So apparently he would only like his original email to be seen as informing Gavin of libel suit qualification?
then he goes on to describe Gavin’s comment as an ‘insult which he is accustomed in respect of EE’ and says the comment strays into libel.
Then he says his purpose of the first email was to get Gavin to back off?
But that is what a threat of libel is for? Ins’t it?
Then he pours some cream over the top by apologizing that Gavin did not understand that the threat was intended to get Gavin to not say anything.
I guess the cherry on top is that he is convinced Gavin committed libel, but won’t do anything about it.
My opinion, politics and brinkmanship have no place in a science publication. But the hardcore battle between peer reviewed science and pseudo-science (wishful thinking) is where the fight belongs.
To bad E&E is not so interested in proper peer review though.
Oh yeah, I forgot, E&E is not a science mag. it’s a policy rag.
James Albinson says
Re: 261 … is what you want http://www.withouthotair.com ? David Mackay’s book an actually adding up the numbers? Downloadable, errata available, etc. Good Stuff!
Steve Bloom says
Re #260: Sure, John, but notice how nicely that bit of truthiness balanced the article.
Steve Bloom says
Re #261: I don’t recall such a post here, but Climate Progress definitely covered it. The reference is to a specific project to bring Sahara solar to Europe, and IIRC some work has gone ahead on at least the planning for such a thing.
Karsten Johansen says
Interesting to read. Just an apropos, also inspired by your previous title “How easy it is to get fooled”. I’m looking forward to comments on this site about this:
“(…) Publishing an extensive set of temperature records is the first goal of Muller’s project. The second is to turn this vast haul of data into an assessment on global warming. Here, the Berkeley team is going its own way again. The big three groups – Nasa, Noaa and the Met Office – work out global warming trends by placing an imaginary grid over the planet and averaging temperatures records in each square. So for a given month, all the records in England and Wales might be averaged out to give one number. Muller’s team will take temperature records from individual stations and weight them according to how reliable they are.(…)”

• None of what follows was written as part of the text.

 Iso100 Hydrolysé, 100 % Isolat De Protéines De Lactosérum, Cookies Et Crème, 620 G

http://www.guardian.co.uk/science/2011/feb/27/can-these-scientists-end-climate-change-war
“Reliable” here seems to open up the possiblity for a lot of altering of the data sets, and we can “look forward” to further and endless “climategates” in the corporate media. People presenting themselves as scientific superheroes finally coming up with the “objective” conclusion, as Muller does here, always raises my suspicion. Contrary to his own claims, this presentation of his project resembles exactly the spin he claims to be working to free us all from. Not very promising…
Muller as his views are presented in the Guardian interview seems to me not to be as unbiased as he wants to appear:
“You might think three groups was enough, but Muller rolls out a list of shortcomings, some real, some perceived, that he suspects might undermine public confidence in global warming records. For a start, he says, warming trends are not based on all the available temperature records. The data that is used is filtered and might not be as representative as it could be. He also cites a poor history of transparency in climate science, though others argue many climate records and the tools to analyse them have been public for years.”

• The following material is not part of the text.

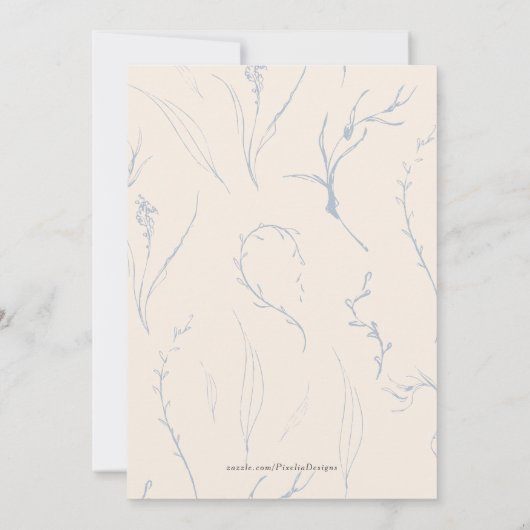 Invitation Moderne Elégant Simple Arc Dusty Mariage bleu (Dos)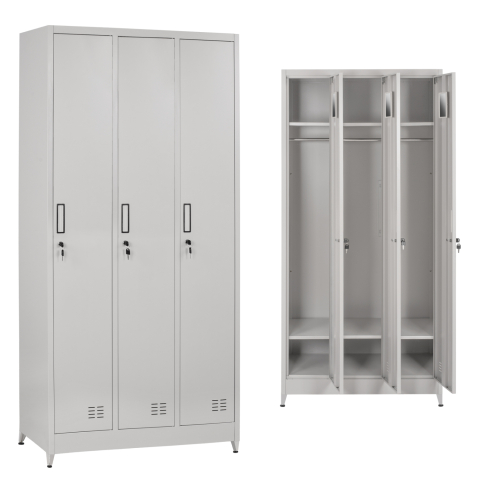 Dulapuri metalice - METAL TRIPLE LOCKER WITH KEYLOCKS and LEGS ALTONA HM21103 GREY 90x45x185Hcm.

Another point raises my scepticism even more:
“One donor has had some climate bloggers up in arms: the man behind the Charles G Koch Charitable Foundation owns, with his brother David, Koch Industries, a company Greenpeace called a “kingpin of climate science denial”. On this point, Muller says the project has taken money from right and left alike.”
The Koch oil-billionaire brothers are the main financial supporters behind the so-called “Tea-party” “movement”, starring as it’s front figures the oil fanatic Sarah Palin and the right wing extremists in Fox News etc.

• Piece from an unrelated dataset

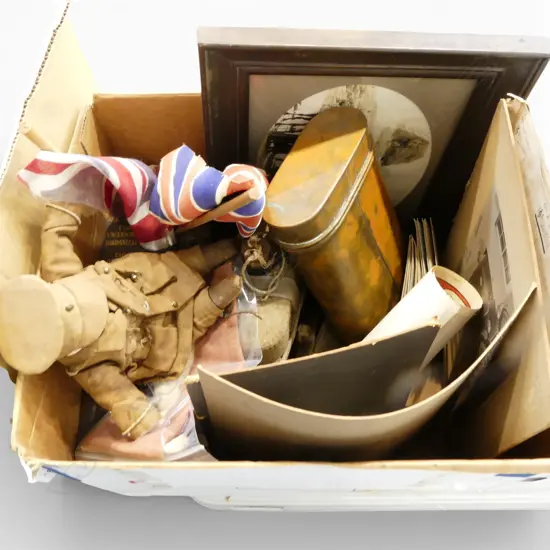 ASST. ITEMS, WWI INTEREST; SOLDIER DOLL AF, PHOTOS, POSTCARDS, BOOKS ETC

What “left” should mean in this company of US superbillionaires (does Muller consider Bill Gates “left”?) is not very clear to say the least. In this world at least one thing is very, very clear: almost everyone in the upper classes around the world, including chinese communist leaders, saudi kings etc. are by now not very fond of man-made global warming, because they feel it threatens their oil-made model of human life. To me it seems that these people are making stronger and stronger efforts to “free” humankind of the unpleasant news from climate science, oceanography (growing pH in the seas stemming from higher CO2-levels in the atmosphere – probably an even worse threat than global warming) etc. or, in short, to “free” us all from the unpleasant realities that now undermine “the american way of life”.
CM says
Well, I’m glad that’s over and done with, then.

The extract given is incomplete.